A little over two years ago, Johnny Borrell and a bunch of hired sidekicks called Razorlight emerged from the post-Libertines blast of gutter punk and breathless melody, and got pretty huge. Borrell’s was a watered down, sanitised version of Pete and Carl’s world of battered romance and chaotic garage rock, and it unquestionably sounded fantastic. Owing its debt more to late ‘70s new-wave punk like Television and Talking Heads (and shot through with the unnerving self confidence of Liam Gallagher at his most gobby) Up All Night was like the soundtrack to a thousand stylishly wasted nights on the town. The thing though, was that after a few plays, Up All Night was a bit like that trilby-wearing scenester kid grooving on the indie-club dancefloor—ever so hip and clever, but strangely lacking in any real substance or heart. The recycled riffs, though rousing at first, soon sounded tired and samey, whilst Borrell’s lyrics read like a cartoon procession of snatched 6th form poetry—all Patti Smith shapes and half-deep, intense proclamations. It wasn’t that Up All Night was a particularly terrible record, just that there was something about the whole thing that sounded contrived, perfectly planned out, and impossible to love. Borrell clearly had a rock and roll master-plan in his back pocket, and while you have to admire the naked ambition of a man who inferred that he was a better songwriter than Bob Dylan in virtually his first NME interview, his shameless push towards stadium-sized rock glory came with an unappealing reek of desperation.
And so it is that the band’s self-titled second album sounds exactly as you expect it to. With the bombast and sense of purpose turned up to 11, Razorlight is the sort of record that wears its heart on its sleeve and paints in the universal, broad brush-strokes which are designed for mass appeal and blanket airplay.
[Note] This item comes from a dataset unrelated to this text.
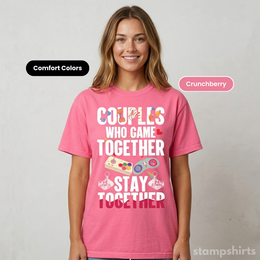 Couples Who Game Together Stay Together T-Shirt thumbnail 2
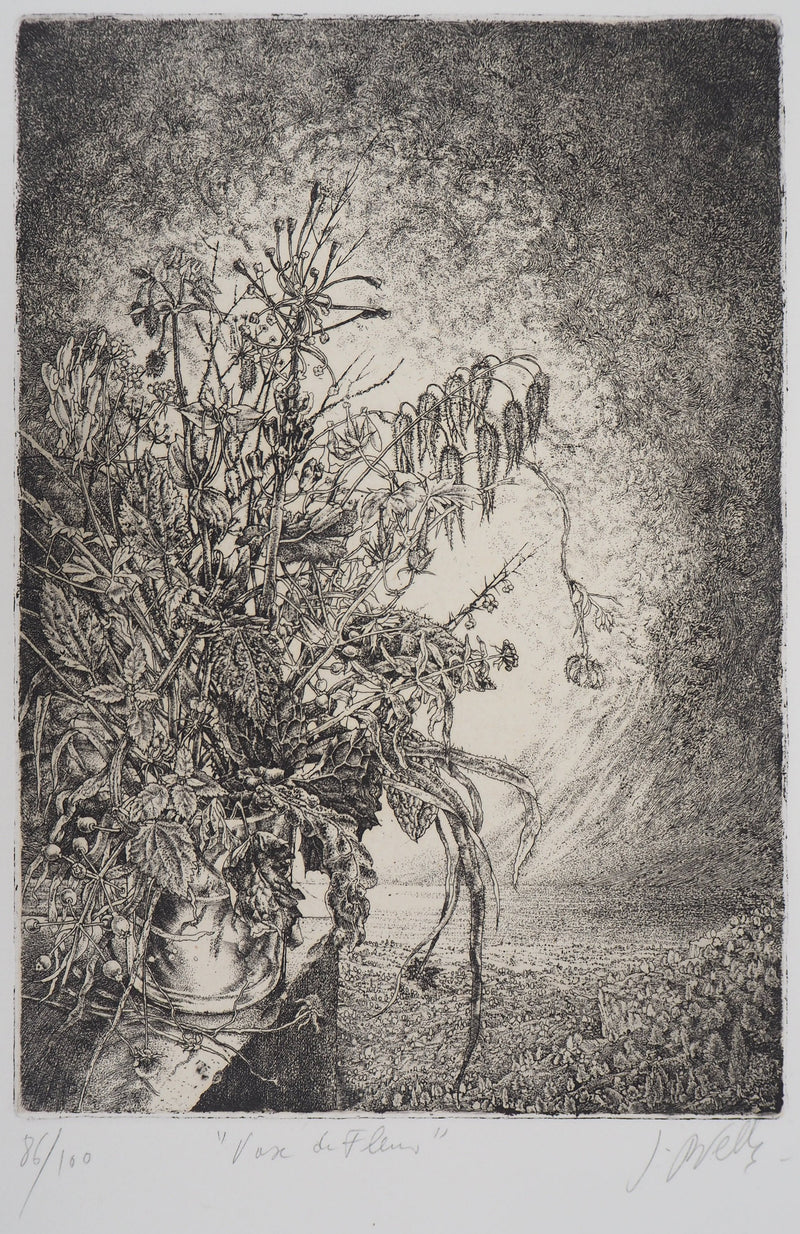 Jean-Pierre VELLY : Vase de fleurs - Gravure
Indeed, Borrell’s lyrics are awash with hackneyed, everyman statements, clearly designed to be unspecific enough to relate to anyone and everyone from the 16-year old indie rock and roller to the Ford Mondeo driving businessman. The spiky, punk-pop of Up All Night is nowhere to be found, as Borrell has settled on a new set of reference points for his band to aspire to. Unfortunately this mostly seems to involve ripping off classic drivetime FM rock. Indeed everything from U2 at its most earnest and yearning, to the jangly stadium-pop of REM, is shamelessly plundered as Borrell goes off in search of something big, huge and chartbusting.
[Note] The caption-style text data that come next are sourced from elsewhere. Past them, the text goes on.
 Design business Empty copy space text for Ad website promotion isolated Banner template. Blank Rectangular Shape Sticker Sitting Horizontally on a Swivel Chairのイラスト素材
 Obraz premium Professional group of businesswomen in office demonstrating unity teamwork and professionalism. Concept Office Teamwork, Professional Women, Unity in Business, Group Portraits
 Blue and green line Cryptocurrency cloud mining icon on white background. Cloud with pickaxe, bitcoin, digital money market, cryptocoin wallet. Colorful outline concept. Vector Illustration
It should be pointed out that Borrell does kind of know his way around a tune, and really, some of the songs here aren’t that bad. In fact, in a dumb, guilty sort of way, some of these songs might even sound great, were they touched with a bit of humour or a sense of fun. Instead, bogged down by Borrell’s unrelenting earnestness and misguided conviction, they are almost all dragged towards the awful. “In The Morning”, the album’s lead single and the song that most recalls the band’s energetic debut, has a sub-Talking Heads cod-reggae swagger about it. Borrell bemoans how, “The songs on the radio sound the same”, blissfully unaware of the irony in his words and how ridiculous he sounds singing them. Things get worse with the dreaded foray into soft rock hell that is “America”. It’s the sort of song that will no doubt get described as a “spine-tingling ballad”, and evoke comparisons to the widescreen emotions of Joshua Tree—era U2, when in truth it sounds more like ‘80s power ballad chumps Foreigner or Boston. Over chiming guitars, emotional “ooh oohs” and the sound of a thousand lighters flickering in the breeze, Borrell squeezes every last cliché from the already bloated soft rock format—his sights clearly aimed at transatlantic domination. Elsewhere, “Who Needs Love”, with its barroom piano, wants to be Bruce Springsteen, but instead comes across more like Billy Joel, only cheesier. By the time Borrell’s pained falsetto kicks in, it should be soulful but it just sounds laughable. Even “Kirby’s House” (which appeared on last years Warchild compilation) sounding almost brilliantly like an early ‘70s Rolling Stones track, has been re-recorded, slowed down and drained of life here.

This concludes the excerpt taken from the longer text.